Monday 27 September 2010

Council Tax Revaluation

Late last week the government announced no council tax revaluations in this parliament.

Of course, council's will still be free to change the level of taxes (at least once the government removes it's centrally imposed freeze). So this announcement is about the distribution of the burden of council tax rather than the overall amount. Holding off on a major revaluation exercise probably makes sense when we are promised a full review of local government finance by summer 2012.

It is clear that the review needs to deliver some serious reform if the government wants to meet its objectives of devolving power to LAs. At the moment, LAs are "highly geared" with council tax receipts only covering a small percentage of total expenditures with the balance met by central government grants. This means that small changes in total expenditures need to translate in to much larger percentage changes in council taxes, and any changes can easily be offset by changes to central grants. This creates all kinds of problems for LAs when deciding on spending and revenues.

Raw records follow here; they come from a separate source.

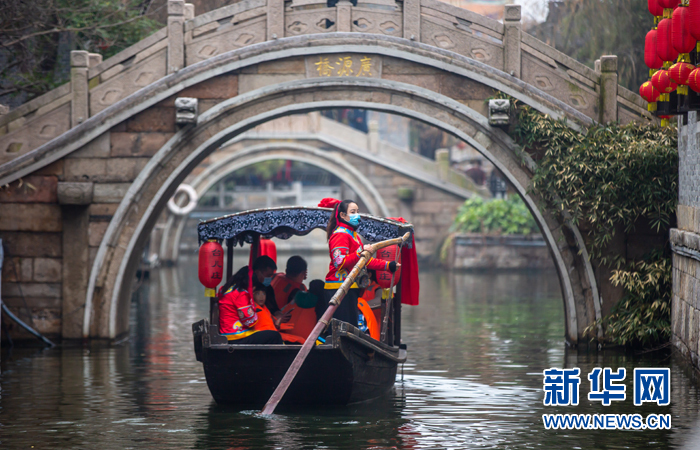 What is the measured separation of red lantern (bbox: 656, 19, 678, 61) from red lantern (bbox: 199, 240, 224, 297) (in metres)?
4.70

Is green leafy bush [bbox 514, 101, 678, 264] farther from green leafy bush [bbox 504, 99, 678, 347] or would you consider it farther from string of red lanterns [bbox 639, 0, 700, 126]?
string of red lanterns [bbox 639, 0, 700, 126]

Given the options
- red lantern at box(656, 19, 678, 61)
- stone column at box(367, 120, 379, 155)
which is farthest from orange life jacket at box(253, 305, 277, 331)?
stone column at box(367, 120, 379, 155)

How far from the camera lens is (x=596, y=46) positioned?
15578 millimetres

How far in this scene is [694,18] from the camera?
7.96 m

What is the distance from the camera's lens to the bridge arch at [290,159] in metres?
26.4

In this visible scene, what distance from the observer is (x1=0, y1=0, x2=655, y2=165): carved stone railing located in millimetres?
11180

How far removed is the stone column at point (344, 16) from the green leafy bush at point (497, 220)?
47.2 ft

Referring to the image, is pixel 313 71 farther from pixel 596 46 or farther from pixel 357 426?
pixel 596 46

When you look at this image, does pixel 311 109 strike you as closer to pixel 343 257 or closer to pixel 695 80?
pixel 343 257

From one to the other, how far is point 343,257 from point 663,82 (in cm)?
373

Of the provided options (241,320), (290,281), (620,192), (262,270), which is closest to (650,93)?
(620,192)

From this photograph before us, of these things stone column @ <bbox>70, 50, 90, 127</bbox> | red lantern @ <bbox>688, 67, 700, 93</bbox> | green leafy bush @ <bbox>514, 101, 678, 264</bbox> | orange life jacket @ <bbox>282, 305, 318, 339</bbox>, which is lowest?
orange life jacket @ <bbox>282, 305, 318, 339</bbox>

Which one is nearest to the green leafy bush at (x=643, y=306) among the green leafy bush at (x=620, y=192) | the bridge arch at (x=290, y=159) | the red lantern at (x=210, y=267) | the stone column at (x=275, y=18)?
the green leafy bush at (x=620, y=192)

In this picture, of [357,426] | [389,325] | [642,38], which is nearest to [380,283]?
[389,325] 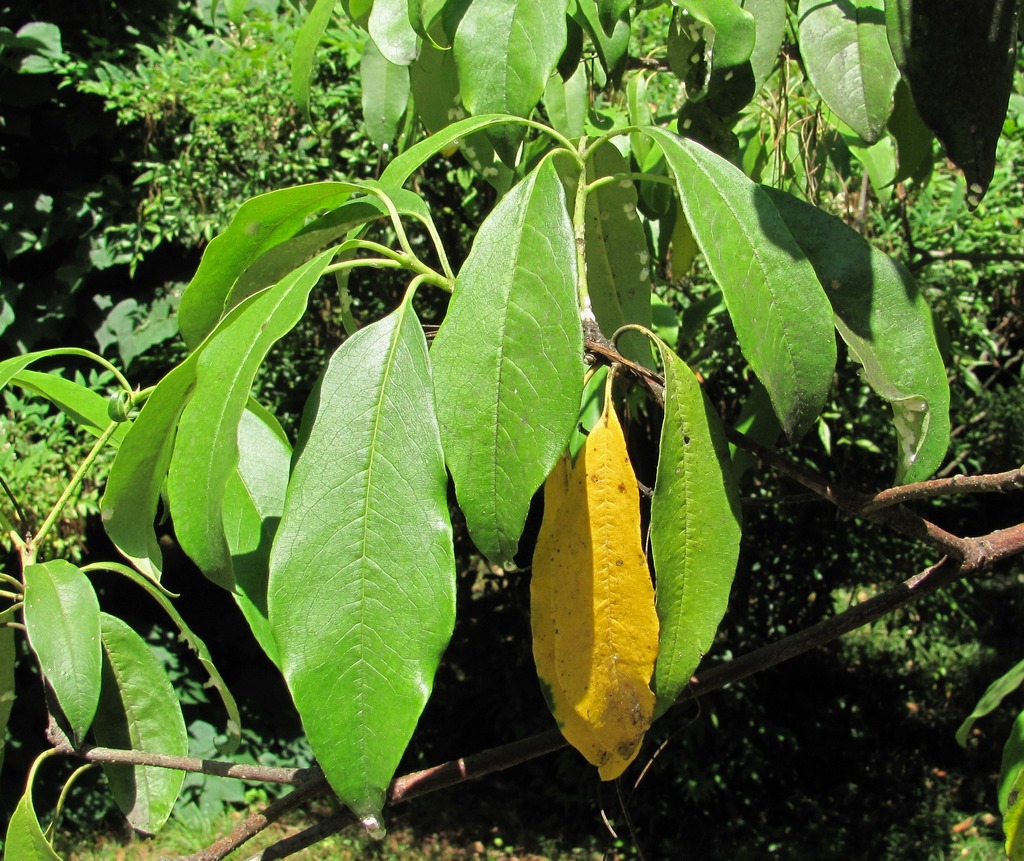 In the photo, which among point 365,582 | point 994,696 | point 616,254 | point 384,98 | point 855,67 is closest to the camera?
point 365,582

But the coalition decisions on council tax so far (a freeze plus no revaluations) signal just how difficult is devolution of tax raising powers. It will be interesting to see how that circle gets squared by 2012.

Friday 10 September 2010

Resilience Rankings

Research for the BBC has identified the places most vulnerable to spending cuts. I am not sure it throws up that many surprises. As the Guardian puts it: "Assessing more than 30 separate measures of a local authority's ability to withstand tougher economic times, the report found that poor areas still feeling the effects of the recessions of the 1980s and 1990s were likely to be hardest hit."

The initial shocks in the 1980s were big, but this does highlight the issue that 30 years of intervention has done very little to address the problem. There seem to be two takes on this. One is to say we haven't spent enough and that the UK is sufficiently small that anywhere can be turned around. The other is to suggest that the shocks represented a fundamental shift that reasonable policy expenditure will struggle to ever address. My feeling is that the impact of this recession gives further strength to the latter argument.

Monday 6 September 2010

NICs Holidays

Not some new, soon to be broke holiday company, but the government's National Insurance Contributions holiday scheme which started today.

According to HMRC: "The ‘Regional Employer NICs Holiday for New Businesses’ offers substantial reductions in employer NICs for new businesses in those parts of the UK most reliant on public sector employment." Looking at the list of eligible regions, this turns out to be the whole of GB except for the SE region and London.

My understanding of the (now quite old) evidence on regional employment subsidies was that they did have an impact but that the costs per job created were quite high. I imagine that will be the case with this holiday as well. It's an employment subsidy, so we expect some positive impacts, but because there will be plenty of deadweight (businesses that would have started anyhow) and quite a lot of displacement (new subsidised businesses driving out old) the net impact will be considerably smaller than the gross impact. It will be interesting to see how the effects play out.